Several days ago, The Sunday Times (paywall) reported that a UK Christian Union had been banned from holding prayer meetings and Bible studies on college premises under the rules laid down in the government’s Prevent strategy. It bears pointing out, as reported in Christian Today, David Cameron was asked a question on this very issue at PMQs. His response made clear that it was ‘clearly ludicrous’ to ban such activity and insisted those enforcing Prevent ought to use a bit more common sense ‘because it is quite clear that is not what it [Prevent] was intended for’.
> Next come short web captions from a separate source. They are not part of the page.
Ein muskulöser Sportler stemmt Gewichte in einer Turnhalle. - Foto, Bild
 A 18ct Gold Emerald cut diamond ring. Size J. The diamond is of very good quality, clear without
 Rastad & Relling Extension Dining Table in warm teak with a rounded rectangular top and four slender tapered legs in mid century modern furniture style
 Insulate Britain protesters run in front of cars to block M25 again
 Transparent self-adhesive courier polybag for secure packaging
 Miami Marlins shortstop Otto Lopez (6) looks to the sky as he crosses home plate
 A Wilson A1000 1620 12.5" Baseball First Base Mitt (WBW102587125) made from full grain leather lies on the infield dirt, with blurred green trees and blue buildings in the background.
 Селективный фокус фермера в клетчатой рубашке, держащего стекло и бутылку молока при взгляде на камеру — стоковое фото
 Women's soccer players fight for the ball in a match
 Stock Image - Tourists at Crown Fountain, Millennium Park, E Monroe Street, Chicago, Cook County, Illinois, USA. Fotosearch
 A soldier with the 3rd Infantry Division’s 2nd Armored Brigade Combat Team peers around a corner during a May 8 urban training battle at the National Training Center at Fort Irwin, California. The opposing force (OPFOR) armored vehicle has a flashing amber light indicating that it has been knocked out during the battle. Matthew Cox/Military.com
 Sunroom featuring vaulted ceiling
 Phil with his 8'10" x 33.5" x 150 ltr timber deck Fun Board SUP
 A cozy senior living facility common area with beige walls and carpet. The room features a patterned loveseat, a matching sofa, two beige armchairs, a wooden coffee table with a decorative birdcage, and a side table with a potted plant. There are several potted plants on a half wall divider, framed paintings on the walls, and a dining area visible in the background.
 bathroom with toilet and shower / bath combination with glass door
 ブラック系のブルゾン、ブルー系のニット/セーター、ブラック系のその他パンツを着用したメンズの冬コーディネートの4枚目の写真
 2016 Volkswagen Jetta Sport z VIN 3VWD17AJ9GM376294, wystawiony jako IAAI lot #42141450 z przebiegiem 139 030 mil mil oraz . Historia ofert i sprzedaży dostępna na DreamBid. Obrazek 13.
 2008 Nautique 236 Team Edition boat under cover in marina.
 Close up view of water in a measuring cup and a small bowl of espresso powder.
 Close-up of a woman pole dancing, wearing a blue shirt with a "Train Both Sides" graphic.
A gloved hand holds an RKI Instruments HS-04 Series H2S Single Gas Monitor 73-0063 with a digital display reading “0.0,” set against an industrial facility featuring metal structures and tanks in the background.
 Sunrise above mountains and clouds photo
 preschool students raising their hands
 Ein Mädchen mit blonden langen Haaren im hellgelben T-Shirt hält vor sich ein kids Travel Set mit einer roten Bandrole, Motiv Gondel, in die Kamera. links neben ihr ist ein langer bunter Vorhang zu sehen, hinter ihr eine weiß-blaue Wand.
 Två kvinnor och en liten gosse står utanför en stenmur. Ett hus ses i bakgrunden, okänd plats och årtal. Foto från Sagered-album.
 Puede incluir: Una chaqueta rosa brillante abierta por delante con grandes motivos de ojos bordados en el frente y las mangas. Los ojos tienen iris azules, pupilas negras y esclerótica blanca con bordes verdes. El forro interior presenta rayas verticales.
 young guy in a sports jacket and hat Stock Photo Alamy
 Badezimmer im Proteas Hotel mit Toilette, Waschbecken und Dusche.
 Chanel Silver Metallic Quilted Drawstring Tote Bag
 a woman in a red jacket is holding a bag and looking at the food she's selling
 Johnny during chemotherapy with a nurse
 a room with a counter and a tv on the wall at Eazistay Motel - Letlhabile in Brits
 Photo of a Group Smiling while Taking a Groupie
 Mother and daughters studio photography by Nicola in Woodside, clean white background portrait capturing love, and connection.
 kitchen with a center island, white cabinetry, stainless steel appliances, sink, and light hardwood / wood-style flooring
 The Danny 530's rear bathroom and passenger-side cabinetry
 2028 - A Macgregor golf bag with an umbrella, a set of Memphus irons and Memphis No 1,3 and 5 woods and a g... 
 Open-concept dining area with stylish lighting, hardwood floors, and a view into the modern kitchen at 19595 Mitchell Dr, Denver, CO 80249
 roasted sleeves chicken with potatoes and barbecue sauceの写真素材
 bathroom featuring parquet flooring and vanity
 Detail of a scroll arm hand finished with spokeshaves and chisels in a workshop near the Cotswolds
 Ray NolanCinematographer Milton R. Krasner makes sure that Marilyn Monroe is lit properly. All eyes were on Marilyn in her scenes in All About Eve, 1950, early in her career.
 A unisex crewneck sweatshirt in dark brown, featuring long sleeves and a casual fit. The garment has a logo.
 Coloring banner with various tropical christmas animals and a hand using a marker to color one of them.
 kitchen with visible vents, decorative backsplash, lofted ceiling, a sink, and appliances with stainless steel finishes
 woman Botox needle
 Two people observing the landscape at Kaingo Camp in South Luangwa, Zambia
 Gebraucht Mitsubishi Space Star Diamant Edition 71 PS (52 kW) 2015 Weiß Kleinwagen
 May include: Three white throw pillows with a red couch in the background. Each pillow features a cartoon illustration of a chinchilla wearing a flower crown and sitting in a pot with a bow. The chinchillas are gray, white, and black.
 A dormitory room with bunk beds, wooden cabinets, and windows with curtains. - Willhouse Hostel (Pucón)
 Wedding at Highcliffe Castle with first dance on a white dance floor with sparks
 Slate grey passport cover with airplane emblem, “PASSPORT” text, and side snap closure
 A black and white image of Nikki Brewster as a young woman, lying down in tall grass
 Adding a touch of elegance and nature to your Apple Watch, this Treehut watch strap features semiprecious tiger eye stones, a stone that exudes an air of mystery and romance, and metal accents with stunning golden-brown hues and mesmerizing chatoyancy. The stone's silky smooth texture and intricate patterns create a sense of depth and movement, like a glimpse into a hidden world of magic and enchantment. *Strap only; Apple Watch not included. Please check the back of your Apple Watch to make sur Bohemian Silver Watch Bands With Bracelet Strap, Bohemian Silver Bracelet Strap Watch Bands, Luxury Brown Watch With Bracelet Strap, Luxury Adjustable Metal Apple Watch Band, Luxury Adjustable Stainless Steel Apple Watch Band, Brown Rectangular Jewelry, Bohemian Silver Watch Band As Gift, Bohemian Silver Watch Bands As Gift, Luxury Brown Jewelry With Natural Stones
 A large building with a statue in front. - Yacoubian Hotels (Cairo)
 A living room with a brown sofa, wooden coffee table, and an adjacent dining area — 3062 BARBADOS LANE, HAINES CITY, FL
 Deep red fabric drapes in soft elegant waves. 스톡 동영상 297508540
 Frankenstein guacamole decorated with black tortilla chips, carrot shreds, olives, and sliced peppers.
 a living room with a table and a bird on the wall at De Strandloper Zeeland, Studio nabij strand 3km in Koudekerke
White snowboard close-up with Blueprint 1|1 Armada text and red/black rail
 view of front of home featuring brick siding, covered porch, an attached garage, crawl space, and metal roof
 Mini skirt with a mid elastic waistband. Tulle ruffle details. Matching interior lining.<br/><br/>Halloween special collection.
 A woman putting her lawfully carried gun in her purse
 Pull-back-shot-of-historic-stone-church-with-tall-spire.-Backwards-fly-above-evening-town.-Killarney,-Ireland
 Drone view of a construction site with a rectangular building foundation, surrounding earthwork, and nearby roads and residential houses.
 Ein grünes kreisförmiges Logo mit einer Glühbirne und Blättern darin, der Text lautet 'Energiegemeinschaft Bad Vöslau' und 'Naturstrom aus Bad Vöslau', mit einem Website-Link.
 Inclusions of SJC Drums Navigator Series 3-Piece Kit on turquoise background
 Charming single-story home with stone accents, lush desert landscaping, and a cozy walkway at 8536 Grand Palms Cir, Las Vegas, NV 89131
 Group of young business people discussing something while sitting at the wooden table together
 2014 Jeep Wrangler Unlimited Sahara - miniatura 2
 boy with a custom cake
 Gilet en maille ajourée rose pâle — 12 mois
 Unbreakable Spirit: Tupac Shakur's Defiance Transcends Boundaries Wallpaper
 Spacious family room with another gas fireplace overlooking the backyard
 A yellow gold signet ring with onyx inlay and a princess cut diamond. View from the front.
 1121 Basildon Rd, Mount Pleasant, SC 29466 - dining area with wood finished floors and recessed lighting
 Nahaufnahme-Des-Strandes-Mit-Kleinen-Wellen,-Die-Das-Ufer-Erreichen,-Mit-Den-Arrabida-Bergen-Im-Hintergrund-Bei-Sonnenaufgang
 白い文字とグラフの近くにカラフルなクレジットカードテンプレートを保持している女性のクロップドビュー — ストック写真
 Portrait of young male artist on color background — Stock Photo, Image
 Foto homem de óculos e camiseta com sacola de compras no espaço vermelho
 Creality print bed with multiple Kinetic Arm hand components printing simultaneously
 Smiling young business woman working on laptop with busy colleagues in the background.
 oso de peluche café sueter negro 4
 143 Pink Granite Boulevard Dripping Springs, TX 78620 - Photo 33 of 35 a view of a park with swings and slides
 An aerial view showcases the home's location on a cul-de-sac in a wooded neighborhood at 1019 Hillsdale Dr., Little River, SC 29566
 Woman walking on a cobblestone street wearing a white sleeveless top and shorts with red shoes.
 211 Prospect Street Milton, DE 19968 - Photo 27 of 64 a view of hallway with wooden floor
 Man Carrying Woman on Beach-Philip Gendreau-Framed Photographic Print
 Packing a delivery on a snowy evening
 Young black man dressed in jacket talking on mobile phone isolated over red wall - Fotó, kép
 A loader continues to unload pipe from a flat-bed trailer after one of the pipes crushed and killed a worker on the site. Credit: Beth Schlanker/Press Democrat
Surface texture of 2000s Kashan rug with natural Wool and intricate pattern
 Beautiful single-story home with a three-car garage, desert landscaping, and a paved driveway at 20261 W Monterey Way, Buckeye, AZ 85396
Given that, there are only four credible explanations for this situation. Either: (1) Prevent is being used as a cowardly excuse by college senior management to shut down a Christian Union because of an anti-Christian/militantly secularist agenda on their part; (2) college senior management are overly officious and are applying the terms of Prevent against the clear intentions of the government; (3) the government Prevent guidelines are so loosely drawn – coupled with their desire to appear ‘even-handed’ against ‘extremism in all its forms’ educationalists are tied into disproportionate and unreasonable actions such as this; (4) some combination of all the above.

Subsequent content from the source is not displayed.